The rise to intelligence is perhaps the most difficult of the probabilities in the Drake equation to estimate, as the evidence of most forms of life does not last for billions of years, with only a few exceptions. It should be one of the first orders of those who study it to come up with the new sets of probabilities, so that these can be studied from a normative sense, and then the whole combined into the Drake factor measuring it.

From intelligence to a civilization, mastering technology up to electronics, is another opportunity for sub-probabilities to be estimated. Here it is much easier, as there is history of our development, and it serves as one example, and a base upon which tangents may be followed. This blog includes, in many of the posts, speculation on the steps involved. There seems to be a natural order by which technology progresses, one stage depending on the previous, and there also seems to be a drive, reminiscent of evolution, which pushes creatures to develop successive stages of technology. Figuring out the steps up to the stage of civilization that we currently inhabit is not so difficult, but the postulation of what happens next is extremely controversial. There seems to be a tendency among modern-day humans to forecast dooms that might be imminent, and if one such doom really exists and is universal among intelligent species, reaching broadcast capability might be chancy, and staying there more chancy.

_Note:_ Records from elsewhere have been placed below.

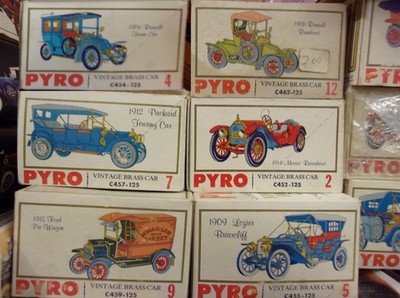 (6) PYRO Vintage Brass Classic Models NOS #  2, 4, 5, 7, 9, 12 Unbuilt~See list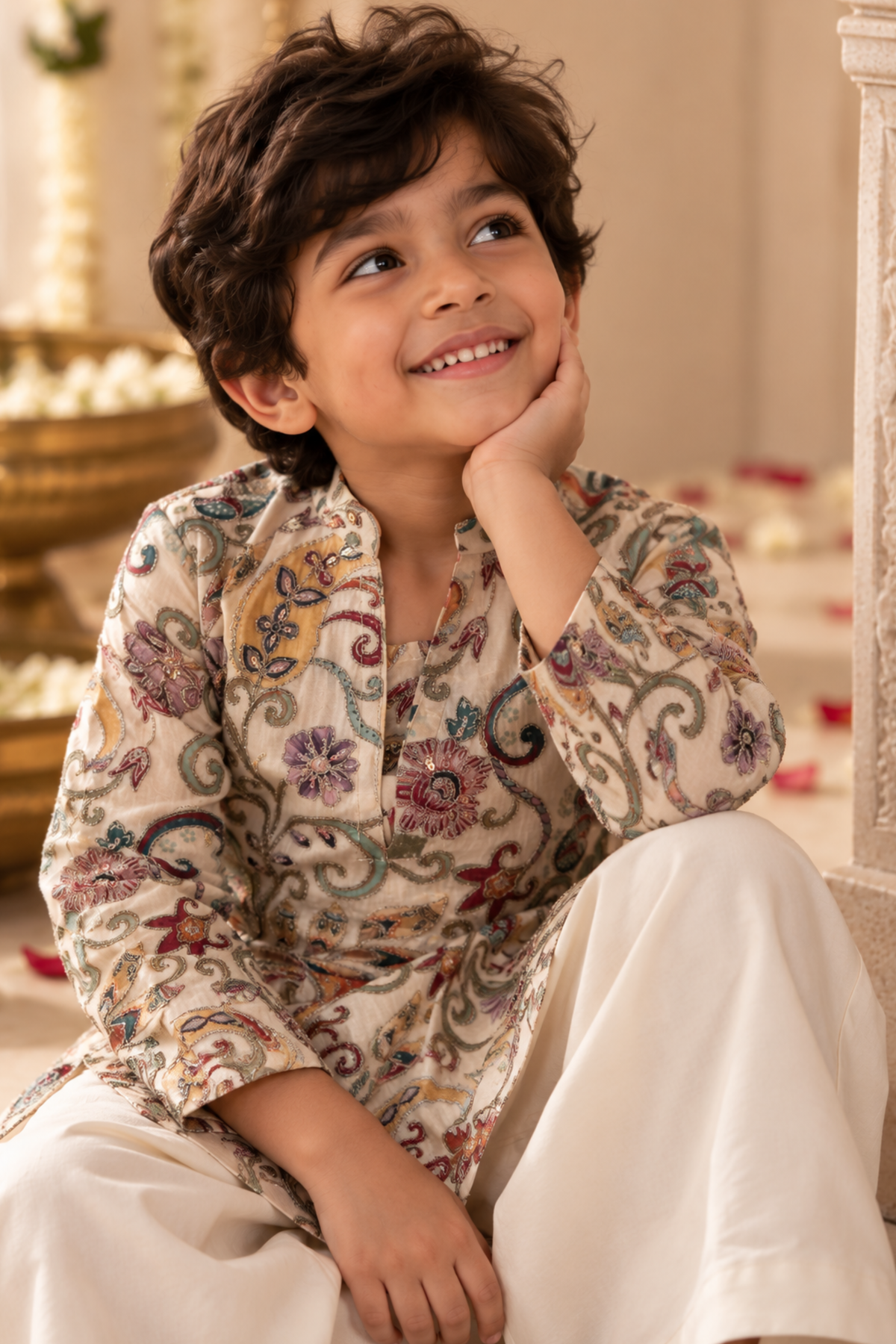 Boys Samrat Embroidered Kurta Set with aari work - Off White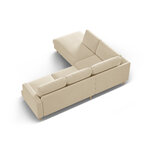 Угловой диван «Алия» тёмно-бежевый, бархат, левый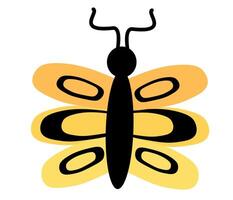 Yellow Butterfly with abstract ornament design wings. Insect element. illustration isolated on white background. vector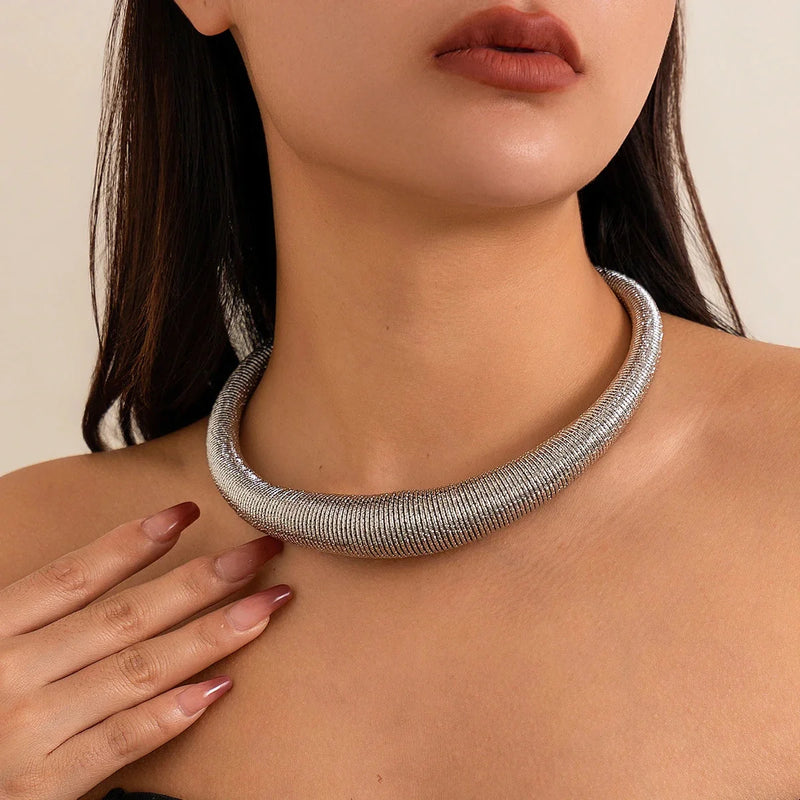 Gold/Silber Mesh Choker | Elegante breite strukturierte Statement-Kette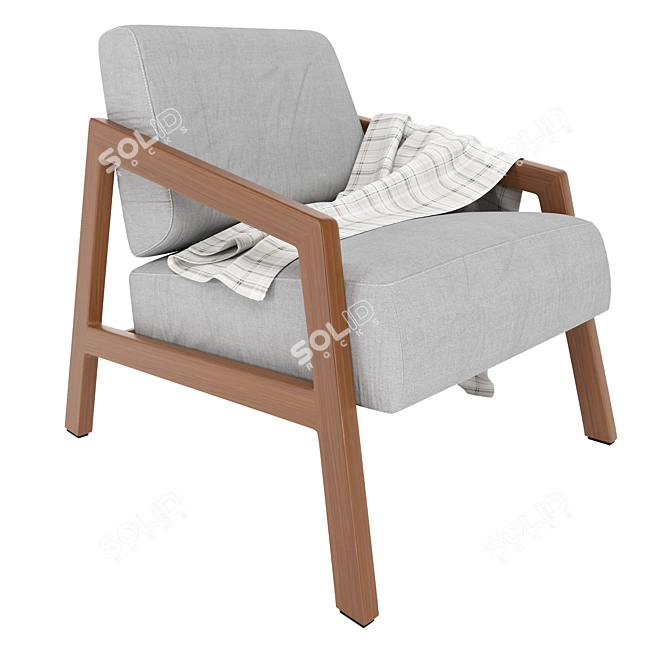 Elegant Modern Armchair 3D model image 2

Another of the assumptions inherent in the Drake equation is that broadcasting is the end point of technology, and it would continue for some long period. It hasn't. There is still some, but the term, L, in the Drake formula may be very short as better ways of shipping large quantities of information around the planet have been found and have displaced broadcasting. This seems likely to continue, so L may be, for us, less than a hundred years. With that short a time, being so lucky as to be listening during the particular century out of billions of years of planetary existence is almost impossible to expect.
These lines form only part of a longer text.